• _TRY IT_
Please return all lines from the records below that include the string "cóncava".

• _Scraped caption text data_
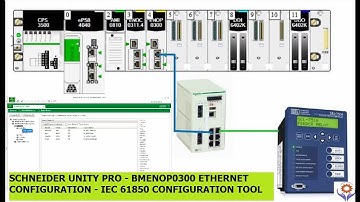 Unity Pro - BMENOP0300 Ethernet module configuration  | IEC61850 server  #schneiderelectric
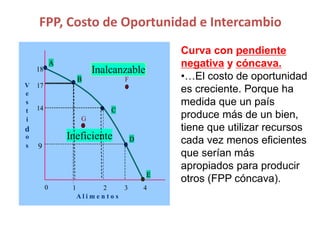 FPP, Costo de Oportunidad e Intercambio
Economía Política
A
B
C
D
E
F
G
Ineficiente
Inalcanzable
V
e
s
t
i
d
o
s
A l i m e n t o s
1 2 3 4
0
9
14
17
18
LA FRONTERA DE POSIBILIDADES DE PRODUCCION (FPP)
•Cualquier punto situado
por encima de la frontera, F
es inalcanzable debido a la
limitación de los recursos y
a la tecnología disponible.
•Un combinación por debajo
de la curva, G, indica
ineficiencia, algunos
recursos están desempleados
o no se están combinando de
la mejor manera posible.
Curva con pendiente
negativa y cóncava.
•…El costo de oportunidad
es creciente. Porque ha
medida que un país
produce más de un bien,
tiene que utilizar recursos
cada vez menos eficientes
que serían más
apropiados para producir
otros (FPP cóncava).
 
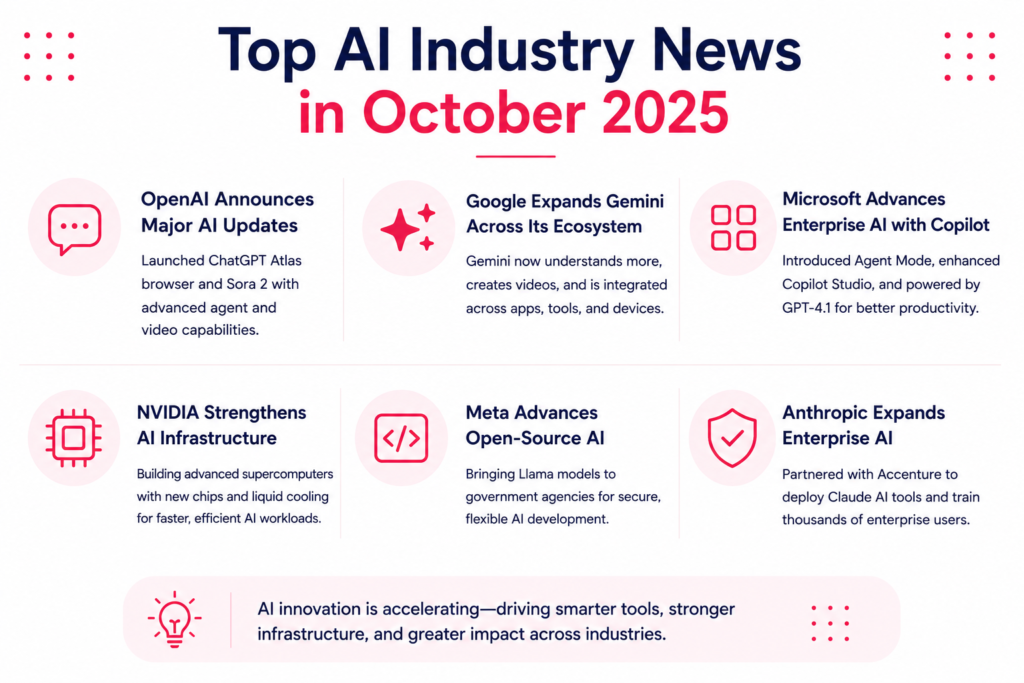 AI Industry News in October 2025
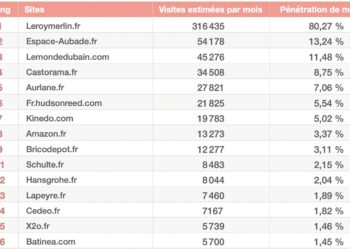Tableau Top15 Douche, septembre 2025.
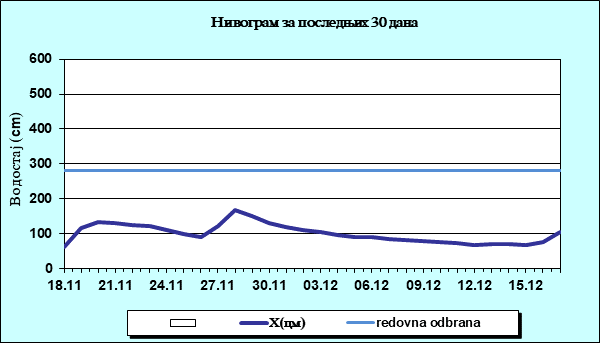 Нивограм за последњих 30 дана
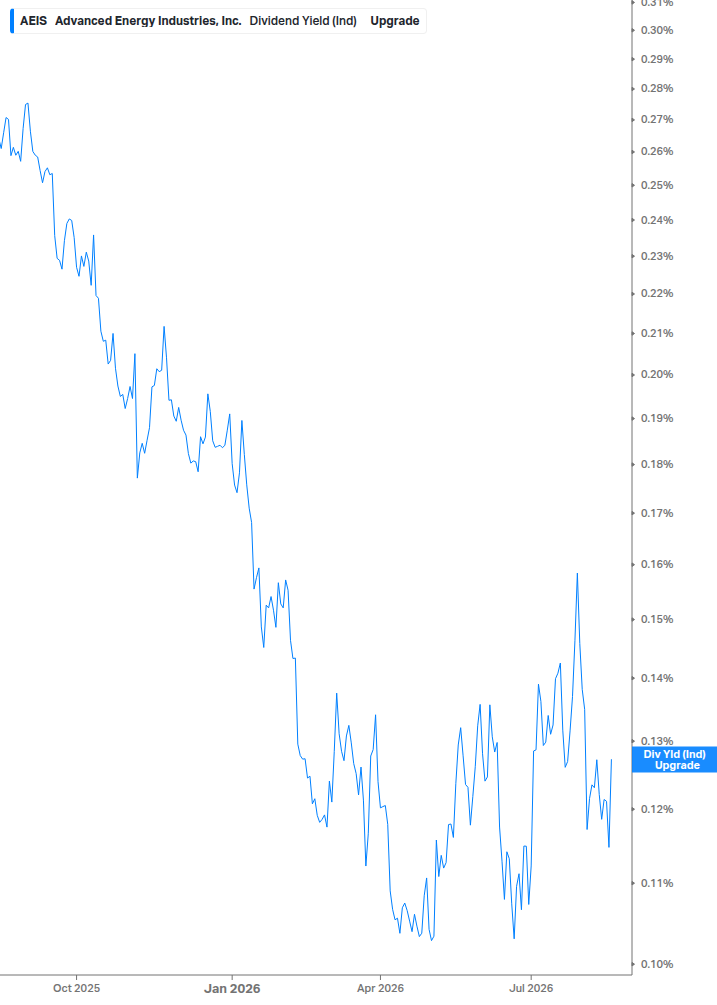 Dividend Yield Chart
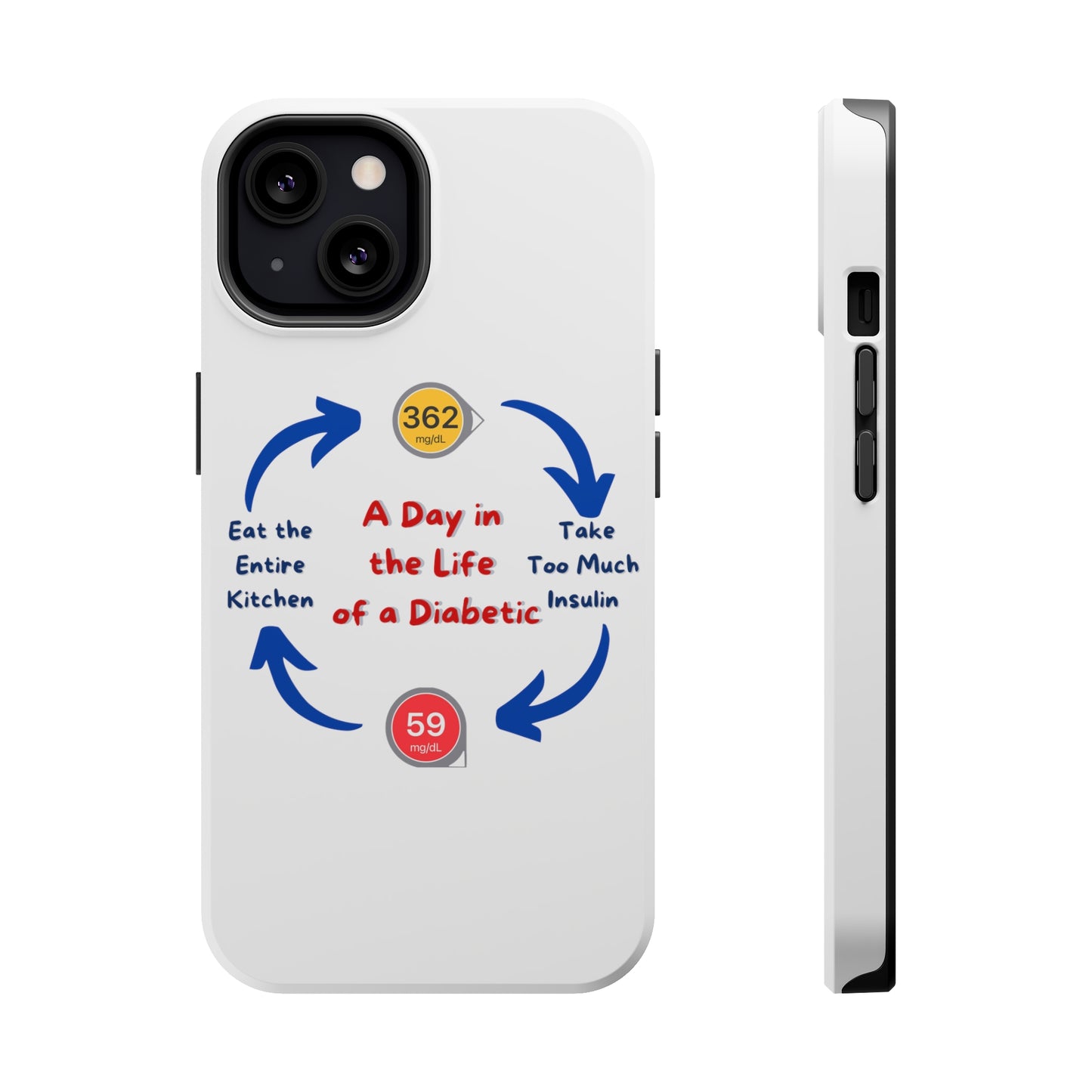 A Day in the Life MagSafe Tough iPhone Case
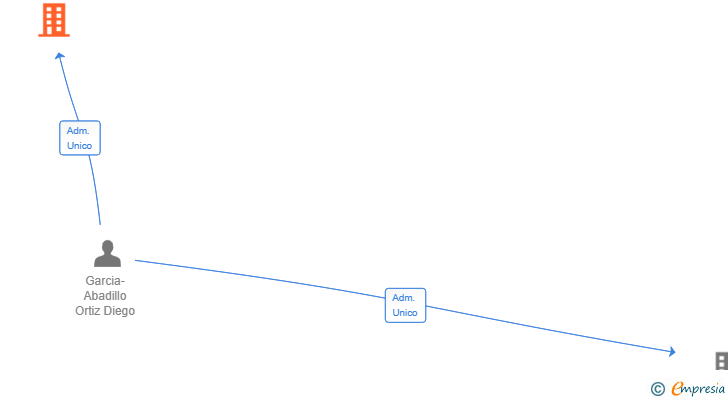 Vinculaciones societarias de MOLEDORES SL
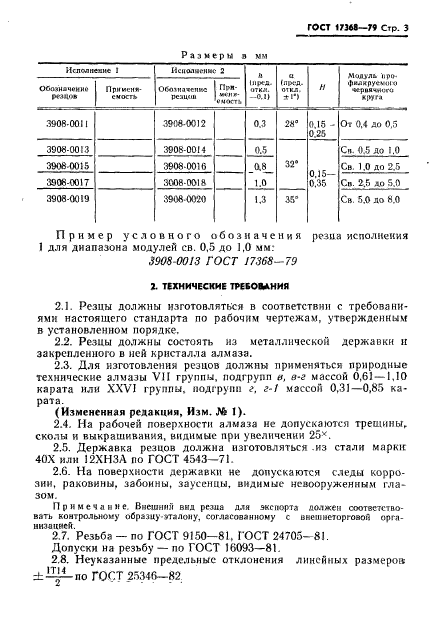 ГОСТ 17368-79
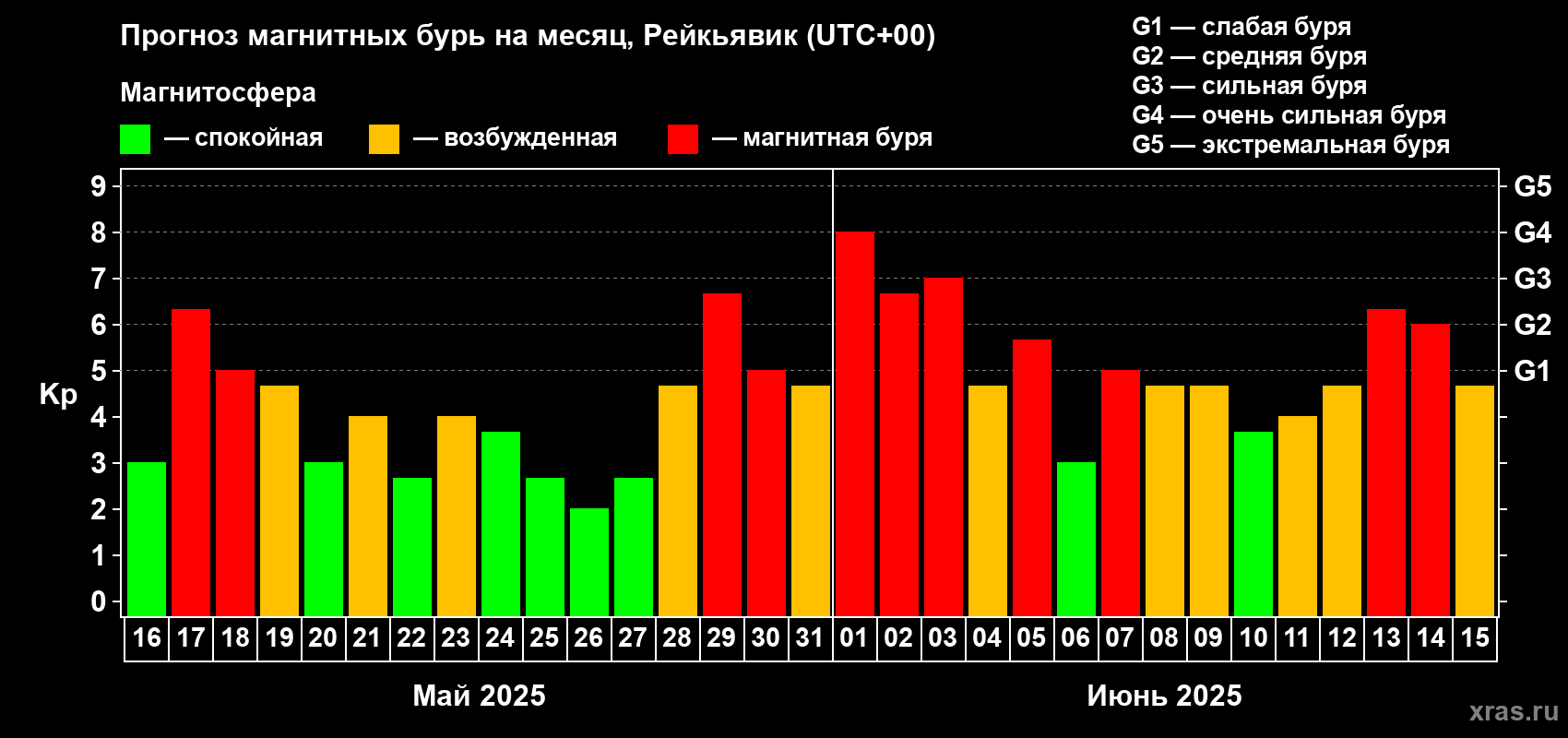 Прогноз максимального суточного геомагнитного индекса Kp на <b>1 месяц</b> (31 день) <b>с 16 мая по 15 июня 2025 г</b>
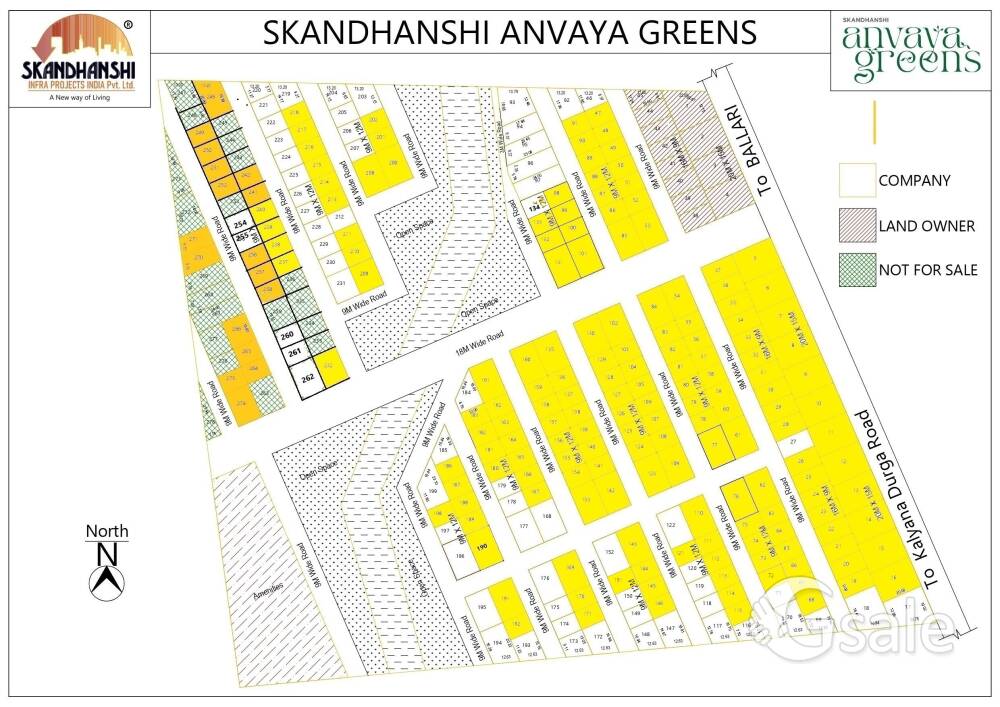 skandhanshi infra projects Pvt Ltd bellary 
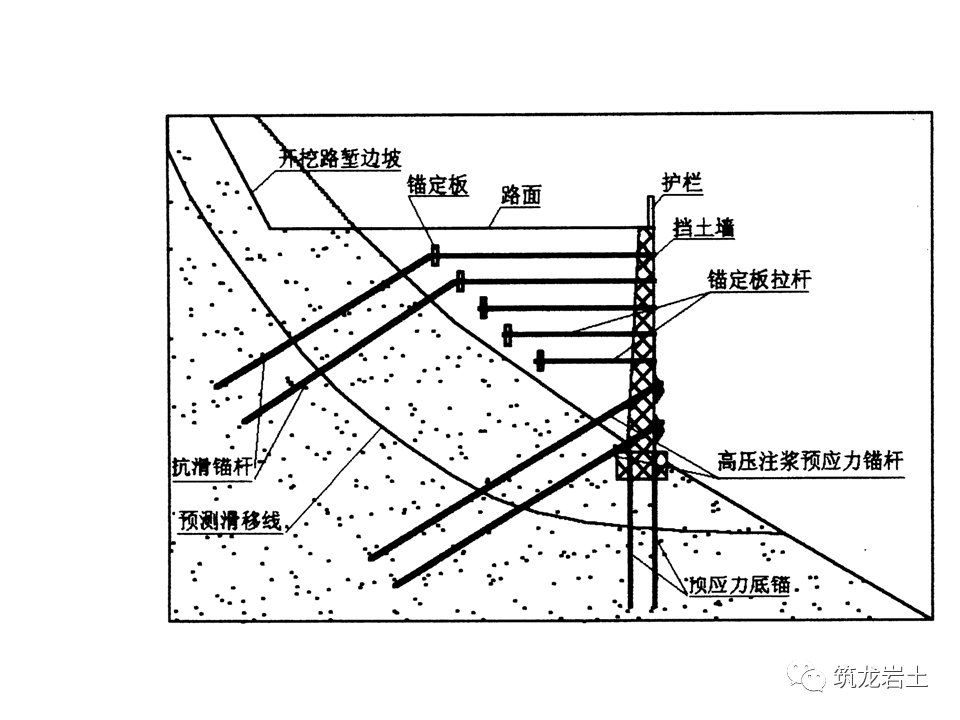 挡土墙分类及各类型挡土墙设计计算，今天好好说道说道！的图19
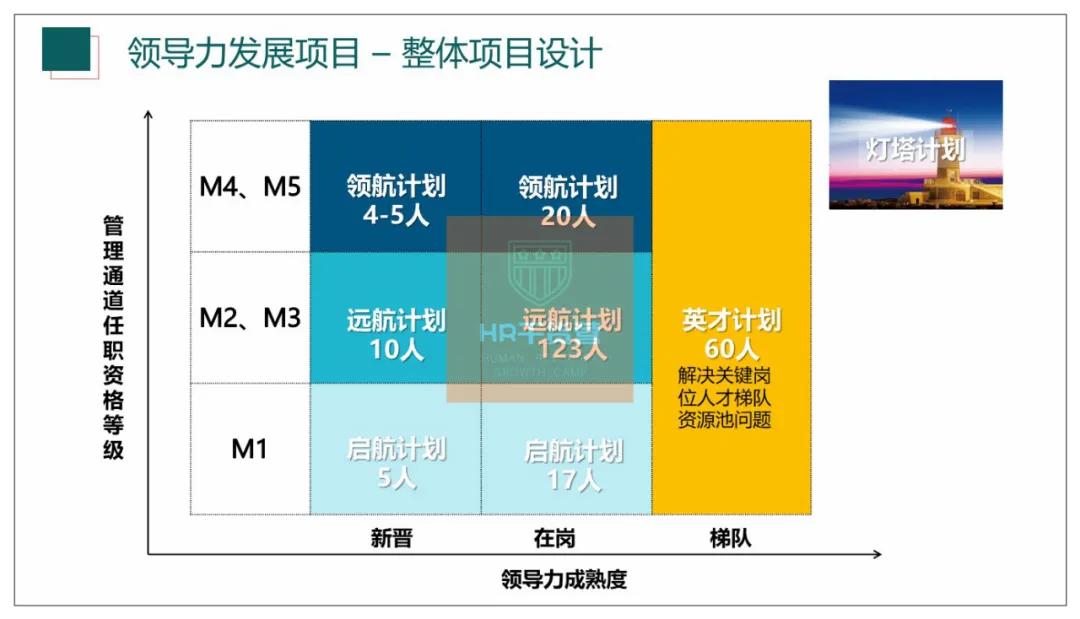 C叔教你如何写2021年度培训规划？50页全解析（干货！）
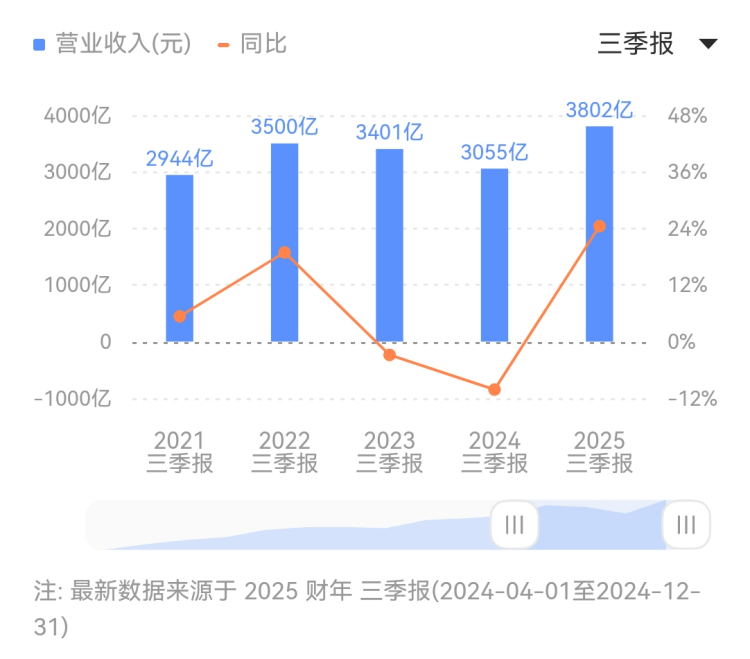 定州市机构开展2024年天然气长输管道专项应急预案实战演练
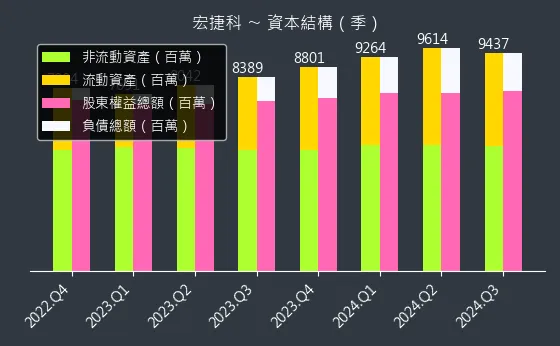 8086 宏捷科 資本結構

• _OUTPUT_
negativa y cóncava.
otros (FPP cóncava).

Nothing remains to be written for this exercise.